ESG investment claims under investigation
Authorities in the United States are putting pressure on environmental, social and corporate governance funds (ESG) amid suspicion that some of their activities don’t genuinely contribute to the cause. The spotlight has narrowed in on the practice of share lending in particular. Authorities believe that it may threaten the ability of ESG investment funds to target projects that actually meet ESG criteria.
Who is investigating?
The Securities and Exchange Commission (SEC) – America’s market watchdog – is the agency making the queries and has been doing so for the past few months, insiders have told Bloomberg.
Although the SEC has declined to comment on the proceedings officially, it has previously declared its support for new market laws around ESG as part of a general increase in oversight of the sector instigated by the Joe Biden administration.
What is share lending?
Share lending, or securities lending, is the practice of loaning shares of stock to other investors or individuals.
The fees generated from it can be good news for asset managers and investors, but the caveat is that once a share is on loan, the title, ownership and power transfer to the borrower for the entire lending period.
Why is the SEC worried?
The agency is concerned that the shares can end up in the hands of individuals who have opposing views on the ESG orientation of the investment fund.
Because of this, they could vote to direct the fund toward investments that are not ESG-friendly, meaning the fund could be engaging in “greenwashing” as a result.
Since President Biden took office, the US government has increased its efforts to monitor this area because it is concerned that many funds that claim to conform to ESG standards are not doing so in practice.
So far, insider information has revealed that the SEC probe involves just “queries”, Bloomberg said.

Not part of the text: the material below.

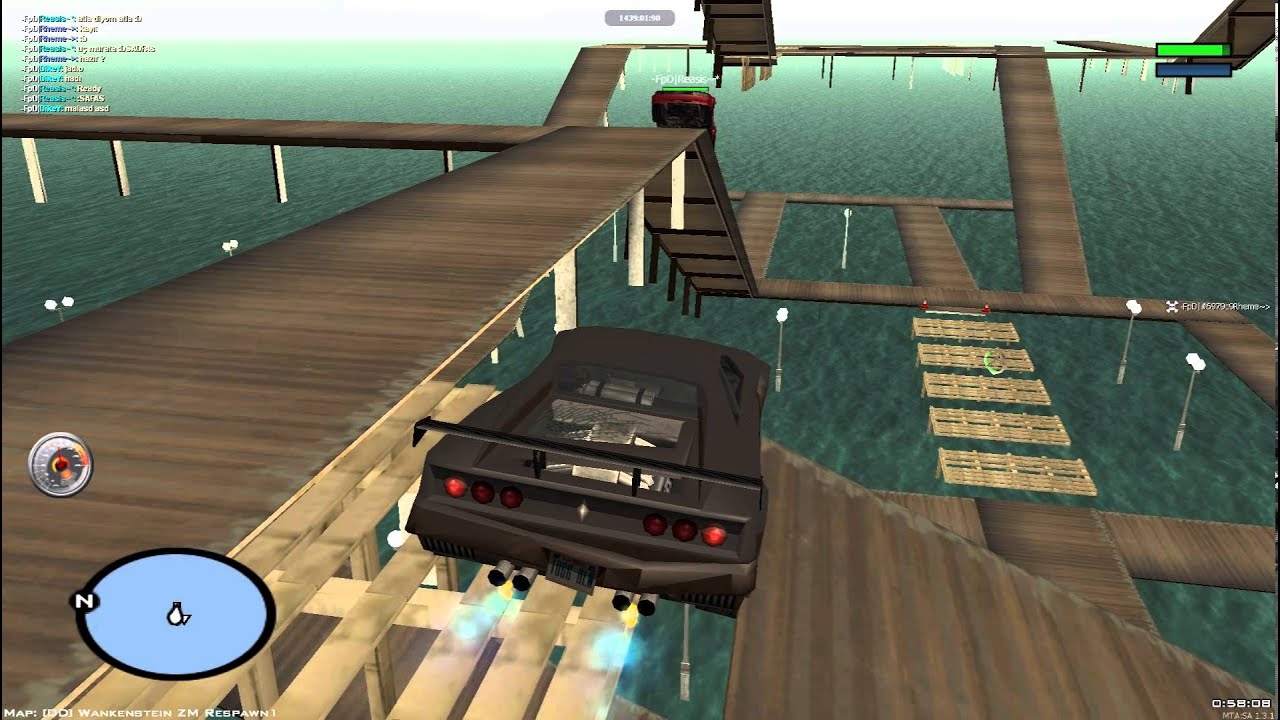 Стант проект мта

The agency’s staff are contacting an undisclosed number of funds to find out when shares are lent and how long before they are returned.
They specifically want to know if the shares come back to their original owner before corporate elections. In the eyes of governments, these are moments that give the most clarity on a fund’s tendency for greenwashing.
The wider context
Attention is increasing on ESG investment funds partly because the value of the industry as a whole has climbed significantly.
It is now estimated to be worth more than $41 trillion, with over $2.5 trillion in exchange-traded funds or mutual funds being recorded by the end of the first half of 2022.
More money and more activity are alarm bells in the eyes of regulators, who see more significant potential for anti-ESG activity that goes against stated promises but slips beneath the radar within a busy environment.
In summary, what should boards and management be concerned about?
Both should keep a close on any further news surrounding investment funds, particularly in the United States. The extra scrutiny may bring unwanted attention to some, and associating with these could cause reputational harm in the marketplace.
On the other hand, many on boards and in management positions can see this as a positive step – if their commitment to ESG is strong.
Additional oversight from government authorities in one of the biggest markets in the world means funds will be more eager to demonstrate their commitment to ESG. Having values that align with these goals could be financially beneficial.